EXERCISE PROMPT. In the entries below, find the line with "Banc à chaussures" and the line with "CUHAWUDBA V56 Universal"; give again those lines and every line between them, exactly.

AVAILABLE DATA.
++++++++

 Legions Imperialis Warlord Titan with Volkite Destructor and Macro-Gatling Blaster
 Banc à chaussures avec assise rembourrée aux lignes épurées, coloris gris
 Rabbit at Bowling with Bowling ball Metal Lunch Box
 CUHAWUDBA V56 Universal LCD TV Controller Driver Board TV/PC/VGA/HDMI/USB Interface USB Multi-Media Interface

++++++++

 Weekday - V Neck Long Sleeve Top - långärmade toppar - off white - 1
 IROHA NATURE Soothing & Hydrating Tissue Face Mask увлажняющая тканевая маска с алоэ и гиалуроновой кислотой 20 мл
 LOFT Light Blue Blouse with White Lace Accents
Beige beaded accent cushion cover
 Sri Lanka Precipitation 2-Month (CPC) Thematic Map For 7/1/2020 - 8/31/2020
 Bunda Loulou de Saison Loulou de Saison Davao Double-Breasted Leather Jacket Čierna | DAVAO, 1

++++++++

OUTPUT OF THE TASK.
 Banc à chaussures avec assise rembourrée aux lignes épurées, coloris gris
 Rabbit at Bowling with Bowling ball Metal Lunch Box
 CUHAWUDBA V56 Universal LCD TV Controller Driver Board TV/PC/VGA/HDMI/USB Interface USB Multi-Media Interface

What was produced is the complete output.